Q&A With Steve Carell

Steve Carell is on a roll. He plays the hilariously annoying (and all too real) boss Michael Scott on NBC's "The Office"and he scored a massive summer hit last year with "The 40 Year Old Virgin." He's hoping to make it a hat trick with "Evan Almighty," a modern retelling of Noah's ark that is chockablock with special effects and scores of animals. Carell turns in a sweet performance cementing his newfound position as one of Hollywood's freshest stars. He spoke with NEWSWEEK's Nicki Gostin. Excerpts:

NEWSWEEK: W. C. Fields always said you should never work with animals or children, and yet you did both in "Evan Almighty."
Steve Carell:
I say, never work with W. C. Fields. I think that's the rule of thumb. Actually it was quite enjoyable for me. They, you know, do what animals do, they don't smell particularly good, and they sometimes want to attack you when you raise your voice.

The baboons took umbrage, shall I say, when I improvised with them.

Why? They wanted to follow the script?
Yes, they like to do Mamet. I raised my voice during one take and they picked up on it, that I was getting aggressive and so they started to get aggressive back at me.

Sounds a little scary.
It was a little scary. The trainer said, "Eh, don't do that, probably not a good idea." Overall, I quite enjoyed it. I've never been up close to wild animals.

You say quite. Sounds like you have some reservations.
No, I guess I was trying to sound more eloquent. After a week or two of being surrounded by these animals, you got used to it and it was commonplace to walk on the set and be five feet away from an elephant or giraffe. I think that became the oddest thing. But we did have to be careful. Obviously there needed to be a built-in respect and patience and awareness that they are wild.

Did you start feeling like Johnny Weissmuller at the end of the movie?
Oh yes, well, that's my next film. A remake of "Tarzan."

This movie cost like what, $3 billion to make?
Um, no it was $18 trillion.

Feel any pressure?
I can't say that I do because it's something that is and was completely out of my hands. I like it; I think it turned out well. It's funny, has a big heart and it's a sweet movie for the family. On that level I think it's perfect. But in terms of pressure on me, no, I tend to not worry about things that I have no control over.

This movie has a religious theme to it. Did it make you go to church?
Certainly it's based on an Old Testament story, but I didn't see it necessarily as a religious movie. I saw it as a fable more than anything else. It's a real gentle tale that has incredibly valuable messages. I don't really like to talk so much about the religious aspects of the movie because I feel like it's limiting it in a way. I believe the movie can be enjoyed by….
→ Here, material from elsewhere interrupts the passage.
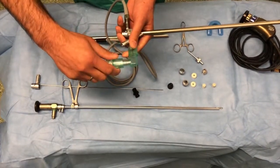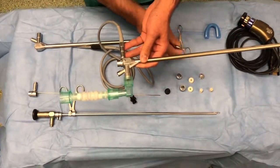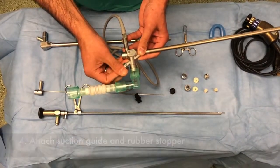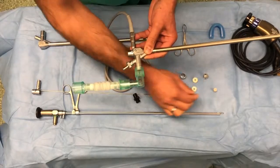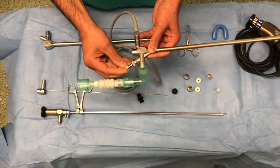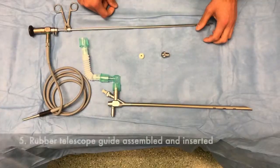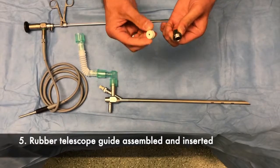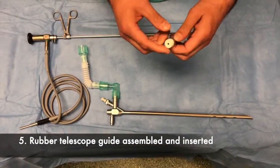Ventilation tubing is then attached as shown here. The suction guide and rubber stop is then inserted and clicked in place as shown here. The rubber bung is placed over the top to help avoid air leakage.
Yes, I don't want to limit it to people of any faith or belief system.

I was very shocked to read that your last name isn't Carell. It's Carello.
That's not true. I was born Steven Carell. My father was born Edwin Caroselli.

So it's not any shame over your Italian heritage.
No, no, frankly I almost wish I'd grown up with it because it would have been misspelled far less frequently. Everyone puts in two R's and two L's.

Caroselli. Sounds a little like Costello. Lou Costello.
If you want to draw that conclusion, go right ahead. It's a stretch, but I'll go with it.

Michael Scott is the best character. I thought the U.S. version of "The Office" would suck. Did you get a lot of that?
Oh, yeah. I think people were really dubious about it because the British one is iconic. It really couldn't be replicated, so I tried to take the pressure off myself by not trying to be as good, frankly.

Have you worked with any Michael Scotts?
I've worked with a few. I've actually had a few teachers growing up who were not unlike Michael Scott.

You have two little kids at home. Are you the fun, crazy dad?
I'm a fun dad, but I don't know if I'm the fun, crazy dad. I'm not one of those people who are always on or performing. I don't think my kids have to worry too much about me embarrassing them because that's not how I would want to grow up, with wacky dad showing up at school and performing for everyone. We definitely laugh a lot, and I have to say my kids at 3 and 6 already understand the concept of irony. It's interesting to see them figuring out humor and what makes them laugh.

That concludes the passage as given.